Excess pressure generation will turn directly to heat.

You need to look at the pressure gauge (11), that will tell you what the pump is doing.

What is the pump doing in stand by?

What is the pump doing when the cylinder is moving?

Put your hand on the pump casing drain...is it hot?

What should the counter balance/over centre valve (13) be set at?

Hydromech



 
The pump is inside the tank so i cannot feel if it is hot. The pressure gauge reads 100Bar when in standby, when the cylinder moves the pressure drops then raise to 100Bar like a pressure compensated pump. When i adjust the relief i can take it up to 160Bar then the motor starts to stall.

Should the proportional valve be set to 0V, i am assuming that the valve is giving oil to the load sensing compensator which is closing it off, wont this make the pump run like a standard compensated pump?
Or can you adjust the load sensing on the pump could that be set to high or faulty?

When adjusting the counter balance valve the cylinder just drops down as it has a load on it.
The schematic shows that the P port is blocked, this is why I think maybe the proportional valve should be at 0 you shouldn’t be able to adjust the pressure when the valve is closed?
 
This all makes sense, the pump is always under load, so that is why the system is getting hot. The load sensing compensator measures the differential across the valve. If the valve gets a voltage it will start to open and the pump will see a load and respond. 100 bar is the max pressure to lift the load. I think you will need to pull the pump to check the compensator. The stand by load should be much lower.
 
To help understand loadsensing think of these facts:
When the loadsense line is left open the pump will only deliver standby pressure. When the loadsense line is plugged the pump behaves like a normal pressure compensated pump and will deliver to it's compensator setting.
Looking at your circuit, when the valve is in it's centre position the loadsense line is able to drain from C to A at the shuttle valve through the A port of the valve to tank. The gauge should read only 10-20bar (as previously mentioned above).
You should check:
1 - The circuit is actually connected like the diagram.
2 - Is the directional valve configuration as shown. ie have you been supplied with a blocked centre valve by mistake. (Blocked centre valves are the most common).
Bert542

"Of all the things I have lost, I miss my mind the most."
 
I can't open the schematic, so I may be down the wrong path but I have seen this before:

When you say proportional valve, do you mean prop directional control of the load? If this is a closed loop control (position or force measured, fed back to valve controller) then the error signal will usually keep the valve spool slightly off neutral to balance the forces applied by the load. The load sense line is then always seeing load pressure and pump stanys on load pressure.

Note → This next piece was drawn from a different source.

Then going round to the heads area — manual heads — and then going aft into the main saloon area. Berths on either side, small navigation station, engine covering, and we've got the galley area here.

Even then, if the pump compensates properly it should not be significant heat.

I am guessing RV malfunction or set too low.
If you take motor amps reading it will give an idea of the magnitude of the heat generated and that might point to a source.
 
The high standby pressure would indicate that the directional valve is partially open or leaking sending a presssure signal to the load/flow compensator causing the pump to stroke for flow but, since the piston is stopped at the end of its stroke the pump pressure compensator is taking over and setting the pump to run at high standby pressure. The closed-center valve should not be the wrong valve. The load compensator should adjust the pump to run run at the low standby pressure against the blocked 'P' port.

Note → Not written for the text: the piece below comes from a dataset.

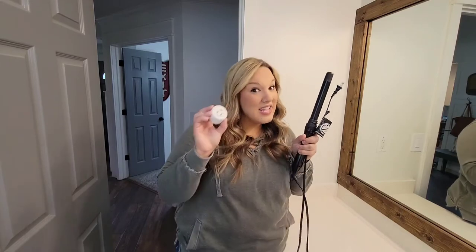Let me set the scene for you. We're on our way to church and Jeremy looks over at me and goes, 'Hey, did you remember to turn your curling iron off?' I slightly panic inside because I don't remember. So now we either have to A) be late to church because we turned around to go turn it off, or B) pray that the house doesn't burn down while we're gone. So Jeremy, being the problem solver that he is, came up with a brilliant idea to plug this into this.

Perhaps the load compensator is mis-adjusted or faulty and does not function correctly leaving the pressure compensator to be the only functioning control. I suspect that the load compensator is mounted on the pump next to the pressure compensator and the tank will have to be opened to access the load compensator.

The relief valve shown mounted external on the tank may not be the load compensator. It may be there to adjust return line pressure, for some reason. It does affect the gage reading when adjusted indicating it is in the flow path of the standby flow.